*Task item*. Write out, please, the lines from the beginning of the material to the line with "Gardinenklemmen (20er-Set) – silber", including both ends and nothing else.

===============

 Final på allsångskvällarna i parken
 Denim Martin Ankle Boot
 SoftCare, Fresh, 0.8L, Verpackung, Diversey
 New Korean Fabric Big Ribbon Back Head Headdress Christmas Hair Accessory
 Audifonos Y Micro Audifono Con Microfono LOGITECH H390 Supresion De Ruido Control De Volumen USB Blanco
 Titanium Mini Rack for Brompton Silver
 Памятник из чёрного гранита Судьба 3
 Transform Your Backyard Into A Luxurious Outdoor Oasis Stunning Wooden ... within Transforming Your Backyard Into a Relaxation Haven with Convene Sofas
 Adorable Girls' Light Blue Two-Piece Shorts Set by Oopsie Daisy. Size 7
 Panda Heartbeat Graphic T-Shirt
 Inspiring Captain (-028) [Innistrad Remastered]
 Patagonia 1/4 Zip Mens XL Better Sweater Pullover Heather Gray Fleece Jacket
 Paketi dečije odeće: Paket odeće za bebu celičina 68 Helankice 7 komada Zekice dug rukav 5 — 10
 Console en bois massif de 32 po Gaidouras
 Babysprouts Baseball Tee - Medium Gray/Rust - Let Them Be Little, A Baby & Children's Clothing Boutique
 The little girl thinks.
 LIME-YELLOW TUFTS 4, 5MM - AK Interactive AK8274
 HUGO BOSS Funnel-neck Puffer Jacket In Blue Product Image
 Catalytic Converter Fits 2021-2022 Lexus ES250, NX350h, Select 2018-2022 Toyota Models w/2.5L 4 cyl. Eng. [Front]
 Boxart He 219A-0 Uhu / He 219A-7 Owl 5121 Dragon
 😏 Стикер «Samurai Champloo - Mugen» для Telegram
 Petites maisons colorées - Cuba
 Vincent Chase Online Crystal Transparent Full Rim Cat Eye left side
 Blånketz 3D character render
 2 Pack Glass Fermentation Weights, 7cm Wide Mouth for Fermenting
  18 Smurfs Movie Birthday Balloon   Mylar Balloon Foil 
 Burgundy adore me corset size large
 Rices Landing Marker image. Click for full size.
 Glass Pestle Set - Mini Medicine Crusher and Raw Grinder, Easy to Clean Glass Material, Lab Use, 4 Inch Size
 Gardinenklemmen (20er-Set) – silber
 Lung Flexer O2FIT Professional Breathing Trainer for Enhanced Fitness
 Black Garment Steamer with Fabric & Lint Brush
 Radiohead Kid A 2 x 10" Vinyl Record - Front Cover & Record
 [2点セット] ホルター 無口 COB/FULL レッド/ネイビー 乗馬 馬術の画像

===============

*Written answer*.
 Final på allsångskvällarna i parken
 Denim Martin Ankle Boot
 SoftCare, Fresh, 0.8L, Verpackung, Diversey
 New Korean Fabric Big Ribbon Back Head Headdress Christmas Hair Accessory
 Audifonos Y Micro Audifono Con Microfono LOGITECH H390 Supresion De Ruido Control De Volumen USB Blanco
 Titanium Mini Rack for Brompton Silver
 Памятник из чёрного гранита Судьба 3
 Transform Your Backyard Into A Luxurious Outdoor Oasis Stunning Wooden ... within Transforming Your Backyard Into a Relaxation Haven with Convene Sofas
 Adorable Girls' Light Blue Two-Piece Shorts Set by Oopsie Daisy. Size 7
 Panda Heartbeat Graphic T-Shirt
 Inspiring Captain (-028) [Innistrad Remastered]
 Patagonia 1/4 Zip Mens XL Better Sweater Pullover Heather Gray Fleece Jacket
 Paketi dečije odeće: Paket odeće za bebu celičina 68 Helankice 7 komada Zekice dug rukav 5 — 10
 Console en bois massif de 32 po Gaidouras
 Babysprouts Baseball Tee - Medium Gray/Rust - Let Them Be Little, A Baby & Children's Clothing Boutique
 The little girl thinks.
 LIME-YELLOW TUFTS 4, 5MM - AK Interactive AK8274
 HUGO BOSS Funnel-neck Puffer Jacket In Blue Product Image
 Catalytic Converter Fits 2021-2022 Lexus ES250, NX350h, Select 2018-2022 Toyota Models w/2.5L 4 cyl. Eng. [Front]
 Boxart He 219A-0 Uhu / He 219A-7 Owl 5121 Dragon
 😏 Стикер «Samurai Champloo - Mugen» для Telegram
 Petites maisons colorées - Cuba
 Vincent Chase Online Crystal Transparent Full Rim Cat Eye left side
 Blånketz 3D character render
 2 Pack Glass Fermentation Weights, 7cm Wide Mouth for Fermenting
  18 Smurfs Movie Birthday Balloon   Mylar Balloon Foil 
 Burgundy adore me corset size large
 Rices Landing Marker image. Click for full size.
 Glass Pestle Set - Mini Medicine Crusher and Raw Grinder, Easy to Clean Glass Material, Lab Use, 4 Inch Size
 Gardinenklemmen (20er-Set) – silber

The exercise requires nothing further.